After watching 400-plus high school wrestlers, coaches, parents, fans and students come together Friday and Saturday to host and enjoy an overwhelmingly successful Payson Invitational tournament, it was obvious to this old coach, his wife and others what athletics mean in the lives of teenagers.

But the glee turned to gloom on Sunday morning as we sorted through a Valley area newspaper reading how our neighbors and friends in Eagar and Springerville are dismantling the Round Valley High School sports programs for the upcoming semester and next school year.

The school board cut sports as a budget cost saving move.

I don’t pretend to know about the financial situation in the Round Valley school district, but there must be a way for the school and community to fund the sports that have long played a crucial role in the ment of young people in the two neighboring towns.

To my way of thinking, high school sports are one of the best educational bargains around, costing usually about only 3 percent of the overall budget.

Also, football is a cash cow in prep sports, earning considerable funds from gate receipts especially in Round Valley where the ensphere is the only high school domed stadium in the United States.

Those of us who have grown up and coached in Arizona understand well that football is a way of life in Eagar and Springerville.

In the Elks’ glory days of the late 1970s and early ’80s, coach Tot Workman led RV to some of the school’s most successful seasons.

And almost everywhere the team went, townspeople followed to lend their unbridled support.

As a coach at an opposing school, I remember marveling at the loyalty the fans showed the players, coaches, program and each other.

The Elks also produced some of the state’s finest football players in Tim Landers (Arizona State University), Mark Gastineau (Oklahoma; New York Jets), Dustin Johnson (BYU; Jets, Seattle Seahawks), Jason Davis (Southwest Missouri; Oakland Raiders), Buster Madriaga (St. Louis Rams) and Mike Keim (BYU; New Orleans Saints).

A recent study done for the National Federal of State High School Associations reveals sports activities play a huge role in the successful development of young people by supporting the academic mission of schools.

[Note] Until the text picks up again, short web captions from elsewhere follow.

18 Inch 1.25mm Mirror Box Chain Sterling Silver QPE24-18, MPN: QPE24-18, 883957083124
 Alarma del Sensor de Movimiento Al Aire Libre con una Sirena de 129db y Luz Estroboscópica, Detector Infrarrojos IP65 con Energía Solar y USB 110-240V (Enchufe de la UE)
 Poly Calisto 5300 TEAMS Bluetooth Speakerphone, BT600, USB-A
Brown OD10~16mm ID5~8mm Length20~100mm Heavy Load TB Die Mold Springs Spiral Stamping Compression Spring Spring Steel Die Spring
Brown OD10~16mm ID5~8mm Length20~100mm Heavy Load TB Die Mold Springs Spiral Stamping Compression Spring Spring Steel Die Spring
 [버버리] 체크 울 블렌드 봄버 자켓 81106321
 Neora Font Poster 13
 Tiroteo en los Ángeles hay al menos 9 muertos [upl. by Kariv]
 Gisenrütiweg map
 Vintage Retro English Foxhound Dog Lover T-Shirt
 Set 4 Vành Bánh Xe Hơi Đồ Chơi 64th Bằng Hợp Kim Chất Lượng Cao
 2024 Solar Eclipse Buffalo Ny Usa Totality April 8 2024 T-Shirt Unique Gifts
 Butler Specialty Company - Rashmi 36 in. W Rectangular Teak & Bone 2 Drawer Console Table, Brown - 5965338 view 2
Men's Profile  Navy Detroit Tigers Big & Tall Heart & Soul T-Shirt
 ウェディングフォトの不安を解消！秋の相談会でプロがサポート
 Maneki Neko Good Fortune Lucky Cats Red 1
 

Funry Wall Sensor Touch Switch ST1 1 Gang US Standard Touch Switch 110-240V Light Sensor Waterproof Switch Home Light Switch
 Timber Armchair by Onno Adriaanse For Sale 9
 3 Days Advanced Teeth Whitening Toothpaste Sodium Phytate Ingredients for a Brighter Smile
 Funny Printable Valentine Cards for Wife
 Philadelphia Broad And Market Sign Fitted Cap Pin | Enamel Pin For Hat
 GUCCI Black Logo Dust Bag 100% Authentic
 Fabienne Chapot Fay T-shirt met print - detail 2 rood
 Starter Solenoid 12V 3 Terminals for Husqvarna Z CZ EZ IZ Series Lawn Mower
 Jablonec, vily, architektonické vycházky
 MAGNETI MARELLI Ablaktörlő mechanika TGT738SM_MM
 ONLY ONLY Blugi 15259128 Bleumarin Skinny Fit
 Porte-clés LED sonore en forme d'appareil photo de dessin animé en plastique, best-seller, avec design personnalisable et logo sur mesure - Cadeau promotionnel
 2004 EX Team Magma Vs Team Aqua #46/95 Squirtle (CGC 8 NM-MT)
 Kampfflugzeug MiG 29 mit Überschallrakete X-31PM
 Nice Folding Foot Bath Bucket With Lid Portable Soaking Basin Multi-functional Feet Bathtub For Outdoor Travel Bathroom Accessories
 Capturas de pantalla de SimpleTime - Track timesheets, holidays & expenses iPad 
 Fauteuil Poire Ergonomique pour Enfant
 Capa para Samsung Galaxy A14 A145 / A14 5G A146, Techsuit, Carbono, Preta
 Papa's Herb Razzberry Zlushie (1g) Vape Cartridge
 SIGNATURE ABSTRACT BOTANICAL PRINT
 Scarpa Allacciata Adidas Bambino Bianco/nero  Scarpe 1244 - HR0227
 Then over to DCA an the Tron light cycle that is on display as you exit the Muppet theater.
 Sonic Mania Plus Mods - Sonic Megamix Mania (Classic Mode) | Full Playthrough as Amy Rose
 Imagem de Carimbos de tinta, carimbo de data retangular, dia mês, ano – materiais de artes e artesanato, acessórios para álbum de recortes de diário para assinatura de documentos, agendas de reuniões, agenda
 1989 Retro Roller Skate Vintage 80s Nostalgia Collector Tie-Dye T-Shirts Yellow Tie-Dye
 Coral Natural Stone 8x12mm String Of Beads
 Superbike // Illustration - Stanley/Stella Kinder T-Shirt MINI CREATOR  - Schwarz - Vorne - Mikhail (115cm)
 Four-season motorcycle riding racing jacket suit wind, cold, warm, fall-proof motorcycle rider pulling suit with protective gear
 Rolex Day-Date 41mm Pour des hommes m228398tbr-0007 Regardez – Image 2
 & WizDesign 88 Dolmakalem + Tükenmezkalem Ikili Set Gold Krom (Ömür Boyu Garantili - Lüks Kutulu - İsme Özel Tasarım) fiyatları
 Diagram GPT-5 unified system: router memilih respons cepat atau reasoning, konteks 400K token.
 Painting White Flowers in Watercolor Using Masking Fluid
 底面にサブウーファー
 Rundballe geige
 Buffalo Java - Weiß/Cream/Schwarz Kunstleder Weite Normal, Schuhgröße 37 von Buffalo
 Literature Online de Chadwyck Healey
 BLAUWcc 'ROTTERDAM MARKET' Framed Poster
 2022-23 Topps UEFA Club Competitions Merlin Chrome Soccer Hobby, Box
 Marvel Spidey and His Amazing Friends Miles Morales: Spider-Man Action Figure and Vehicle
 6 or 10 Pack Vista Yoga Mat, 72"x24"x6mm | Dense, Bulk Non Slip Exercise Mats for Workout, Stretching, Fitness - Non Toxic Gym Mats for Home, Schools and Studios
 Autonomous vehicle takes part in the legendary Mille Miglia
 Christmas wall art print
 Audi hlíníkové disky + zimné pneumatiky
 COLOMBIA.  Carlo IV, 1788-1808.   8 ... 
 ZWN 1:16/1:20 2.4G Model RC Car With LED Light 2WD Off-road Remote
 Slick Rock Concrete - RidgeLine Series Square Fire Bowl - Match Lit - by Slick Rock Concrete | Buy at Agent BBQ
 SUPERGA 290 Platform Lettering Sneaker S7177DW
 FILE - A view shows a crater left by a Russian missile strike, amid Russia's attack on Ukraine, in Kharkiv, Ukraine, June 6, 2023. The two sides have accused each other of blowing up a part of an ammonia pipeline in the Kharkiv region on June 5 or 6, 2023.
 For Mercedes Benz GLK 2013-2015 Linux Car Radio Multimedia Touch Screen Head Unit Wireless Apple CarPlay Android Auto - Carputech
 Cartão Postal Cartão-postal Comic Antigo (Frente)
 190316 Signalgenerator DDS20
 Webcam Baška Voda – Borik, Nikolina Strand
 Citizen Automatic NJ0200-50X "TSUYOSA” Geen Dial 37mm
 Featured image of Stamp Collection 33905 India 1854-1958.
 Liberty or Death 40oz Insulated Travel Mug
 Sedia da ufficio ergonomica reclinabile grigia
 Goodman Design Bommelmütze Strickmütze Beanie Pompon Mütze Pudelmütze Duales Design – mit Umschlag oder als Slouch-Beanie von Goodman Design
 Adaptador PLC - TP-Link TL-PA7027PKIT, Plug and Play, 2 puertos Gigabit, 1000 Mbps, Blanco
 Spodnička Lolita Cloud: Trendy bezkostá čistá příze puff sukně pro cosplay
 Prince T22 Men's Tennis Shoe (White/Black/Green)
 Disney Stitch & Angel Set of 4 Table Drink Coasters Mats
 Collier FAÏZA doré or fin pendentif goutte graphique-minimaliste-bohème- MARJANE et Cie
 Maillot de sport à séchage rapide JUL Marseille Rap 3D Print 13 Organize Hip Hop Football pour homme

The study showed student athletes tend to have higher grade point averages, better attendance records, fewer dropouts and fewer discipline problems than non-participating students.

The study also revealed that through participation, students learn teamwork, sportsmanship, rewards of hard work, self-discipline, self-confidence and develop skills to handle competitive situations.

Participation in high school extracurricular activities, the study revealed, is often a predictor of success later in life.

By a 2-to-1 ratio, boys who participate in high school sports do better in school than those who do not. Student athletes drop out at lower rates and have a better chance to get through college, studies show.

A 1987 study of individuals at the executive vice president level or above in 75 Fortune 500 companies indicated 95 percent of the executives had participated in sports during high school.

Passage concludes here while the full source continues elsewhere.